I've done a number of fairly complex Go projects without leaving the std library -- I can't say the same for python.

lgas · on July 18, 2014

Can either of you give any concrete examples of how Go's standard library is of higher quality than python's? I'm honestly curious.

ominous_prime · on July 18, 2014

Probably the most visible example is the http library. You would never use python's reference http server in production; Go's http server is not only rock solid, but very high performance.

Go's http client is really easy to use; python's http client story is complicated and incomplete, and the majority of people went with the `requests` library.

lgas · on July 18, 2014

Thanks for your answer. Those examples make sense.

irskep · on July 18, 2014

I'm surprised they didn't try mrjob (Python framework), which both has a more concise interface and handles shipping their dependencies to EMR, which seemed to be their primary complaint. Probably would have been easier than rewriting a bunch of stuff in Go. It's supposed to solve the exact problems they have.

Of course, they might like Go for other reasons and have a better time in general, but it's odd not to read a mention of the obvious and simple solution.

julienchastang · on July 18, 2014

Whoa. The nytimes is publishing code!? Times (no pun intended) really are changing.

thecoffman · on July 18, 2014

The NYTimes has published lots of code: https://github.com/nytimes

julienchastang · on July 18, 2014

Yes, in fact they have several well known developers. I just did not realize they had a code blog.

alanleblanc · on July 18, 2014

Is it really as simple as putting a binary on S3 to deploy. Anyone know where more detail--exact steps to take--about that can be foundS3

2mur · on July 18, 2014

You can essentially deploy with a cross compiled binary by scp:

http://dave.cheney.net/2012/09/08/an-introduction-to-cross-c...

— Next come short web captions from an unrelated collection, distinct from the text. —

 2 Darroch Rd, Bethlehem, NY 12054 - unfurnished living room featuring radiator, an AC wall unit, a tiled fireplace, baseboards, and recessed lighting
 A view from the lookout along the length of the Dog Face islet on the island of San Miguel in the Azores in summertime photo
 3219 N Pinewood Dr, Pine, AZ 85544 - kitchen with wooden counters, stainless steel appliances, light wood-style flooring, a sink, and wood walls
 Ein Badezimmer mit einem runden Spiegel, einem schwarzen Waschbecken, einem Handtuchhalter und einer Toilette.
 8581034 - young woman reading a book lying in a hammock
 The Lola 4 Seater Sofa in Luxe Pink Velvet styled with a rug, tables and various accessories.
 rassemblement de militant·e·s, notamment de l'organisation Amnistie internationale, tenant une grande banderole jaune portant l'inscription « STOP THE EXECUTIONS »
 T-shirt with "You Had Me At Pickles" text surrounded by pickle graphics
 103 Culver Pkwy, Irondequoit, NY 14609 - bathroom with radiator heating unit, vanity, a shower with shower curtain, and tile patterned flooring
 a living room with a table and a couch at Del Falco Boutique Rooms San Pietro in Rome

benmanns · on July 18, 2014

This is how I've deployed Go code from OSX to a Linux server:

    brew install go --cross-compile-common
    GOOS=linux GOARCH=amd64 go build
    scp thebinary user@host:thebinary

philip1209 · on July 18, 2014

It sounds like they should investigate Heka.

billwilliams · on July 18, 2014

Not sure I'm convinced the effort of switching streaming frameworks is worth it as opposed to switching to a jvm compiled language.